Racing Universitaire d'Alger (in Arabic: فريق جامعة الجزائر) is a former multi sports club formed in 1927 in Algiers, Algeria.

== The Algiers invitational tournament 1936 ==

In 1936 R.U.A. were the home side in a four team invitational tournament. With Algeria then under French colonial rule the official programme listed the venue as "Stade-Velodrome Municipal d'Alger" and the participants as:

- Le Queen of the South - La Belle Equipe Ecossaise de Première Division
- Racing-Club de Santander - Favori des Championnats d'Espagne
- Floriana F. C. de Malte - Champion Officiel et Vainqueur de la Coupe
- R.U.A. - Champion de l'Afrique du Nord 1935

The match days were 21 May and 24 May.

R.U.A. had already won both the North African Champions Cup and the North African Cup in the 1930s (R.U.A. would win each twice by the decade's end). Goals by Willie Thomson and Joe Tulip (the Northumbrian was one of the first Englishmen to play in the Scottish League) saw Queens book a place in the invitational tournament final with a 2–1 victory against them.

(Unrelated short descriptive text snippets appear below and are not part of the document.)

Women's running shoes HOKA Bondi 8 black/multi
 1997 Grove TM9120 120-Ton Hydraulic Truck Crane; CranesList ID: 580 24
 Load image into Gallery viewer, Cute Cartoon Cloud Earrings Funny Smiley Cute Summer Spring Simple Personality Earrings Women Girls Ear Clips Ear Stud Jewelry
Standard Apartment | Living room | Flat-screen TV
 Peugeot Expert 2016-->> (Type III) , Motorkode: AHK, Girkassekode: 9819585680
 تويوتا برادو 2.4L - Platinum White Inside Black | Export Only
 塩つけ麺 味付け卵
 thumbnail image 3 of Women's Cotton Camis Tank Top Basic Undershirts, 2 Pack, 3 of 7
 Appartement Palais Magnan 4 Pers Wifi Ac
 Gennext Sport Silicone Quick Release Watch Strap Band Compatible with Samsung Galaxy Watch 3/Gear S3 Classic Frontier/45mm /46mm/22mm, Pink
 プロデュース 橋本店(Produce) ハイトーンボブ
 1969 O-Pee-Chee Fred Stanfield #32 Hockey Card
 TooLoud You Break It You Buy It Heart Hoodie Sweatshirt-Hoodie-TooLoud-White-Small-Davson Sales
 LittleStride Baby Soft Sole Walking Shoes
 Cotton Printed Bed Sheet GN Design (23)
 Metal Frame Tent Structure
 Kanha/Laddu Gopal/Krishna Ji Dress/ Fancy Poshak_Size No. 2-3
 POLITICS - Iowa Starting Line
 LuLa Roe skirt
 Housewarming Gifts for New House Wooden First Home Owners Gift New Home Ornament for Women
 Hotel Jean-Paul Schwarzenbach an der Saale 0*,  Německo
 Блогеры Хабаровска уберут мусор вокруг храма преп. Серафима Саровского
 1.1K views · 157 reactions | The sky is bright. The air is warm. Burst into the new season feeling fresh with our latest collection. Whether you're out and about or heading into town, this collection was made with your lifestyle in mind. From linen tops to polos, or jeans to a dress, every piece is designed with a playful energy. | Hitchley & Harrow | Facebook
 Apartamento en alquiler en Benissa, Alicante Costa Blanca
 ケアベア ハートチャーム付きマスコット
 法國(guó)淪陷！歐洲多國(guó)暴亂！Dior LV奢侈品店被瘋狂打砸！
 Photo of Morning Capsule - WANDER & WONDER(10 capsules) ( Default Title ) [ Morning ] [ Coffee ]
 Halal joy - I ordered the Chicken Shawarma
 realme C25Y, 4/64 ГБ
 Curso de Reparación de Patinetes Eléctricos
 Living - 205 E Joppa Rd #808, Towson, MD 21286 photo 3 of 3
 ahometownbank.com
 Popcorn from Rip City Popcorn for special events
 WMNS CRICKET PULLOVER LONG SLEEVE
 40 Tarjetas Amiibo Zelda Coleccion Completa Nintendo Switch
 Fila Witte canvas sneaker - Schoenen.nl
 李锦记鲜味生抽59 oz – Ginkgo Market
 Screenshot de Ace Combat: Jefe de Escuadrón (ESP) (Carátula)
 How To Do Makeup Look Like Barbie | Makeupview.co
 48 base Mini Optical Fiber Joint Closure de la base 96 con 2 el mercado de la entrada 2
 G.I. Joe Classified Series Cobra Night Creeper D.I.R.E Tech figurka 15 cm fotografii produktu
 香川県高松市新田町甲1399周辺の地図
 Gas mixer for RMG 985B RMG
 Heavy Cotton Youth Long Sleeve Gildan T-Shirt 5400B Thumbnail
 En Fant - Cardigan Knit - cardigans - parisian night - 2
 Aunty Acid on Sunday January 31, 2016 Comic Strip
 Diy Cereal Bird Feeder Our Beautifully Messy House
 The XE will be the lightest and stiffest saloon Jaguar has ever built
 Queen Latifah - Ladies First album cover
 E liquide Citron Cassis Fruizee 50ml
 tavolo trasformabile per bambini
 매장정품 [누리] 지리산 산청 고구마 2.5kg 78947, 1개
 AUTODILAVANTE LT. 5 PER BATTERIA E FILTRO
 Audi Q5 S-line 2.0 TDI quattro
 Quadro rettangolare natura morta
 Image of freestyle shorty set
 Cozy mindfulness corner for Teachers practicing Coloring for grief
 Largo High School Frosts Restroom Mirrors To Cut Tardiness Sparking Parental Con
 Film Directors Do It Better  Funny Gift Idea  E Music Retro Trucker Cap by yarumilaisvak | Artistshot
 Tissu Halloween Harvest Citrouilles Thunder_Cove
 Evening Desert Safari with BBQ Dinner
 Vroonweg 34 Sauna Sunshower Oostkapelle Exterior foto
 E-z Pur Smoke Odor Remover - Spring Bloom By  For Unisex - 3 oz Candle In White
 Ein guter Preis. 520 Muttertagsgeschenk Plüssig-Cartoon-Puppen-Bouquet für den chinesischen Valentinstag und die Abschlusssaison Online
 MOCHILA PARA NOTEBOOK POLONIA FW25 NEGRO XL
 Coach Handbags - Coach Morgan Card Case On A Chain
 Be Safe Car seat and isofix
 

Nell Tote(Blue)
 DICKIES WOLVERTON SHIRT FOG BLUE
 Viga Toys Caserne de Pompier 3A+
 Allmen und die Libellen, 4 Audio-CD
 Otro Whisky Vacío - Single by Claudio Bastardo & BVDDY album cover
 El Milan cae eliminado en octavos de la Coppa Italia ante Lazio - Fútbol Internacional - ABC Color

In the final Queens faced a Racing de Santander side who had just finished 4th in Spain's La Liga notching home and away double victories against both Real Madrid and F.C. Barcelona. Norrie Haywood's goal and a 1–0 scoreline saw victory for Queen of the South.

==Former players and athletes==

RUA's former players include Albert Camus who played for the junior football team as goalkeeper.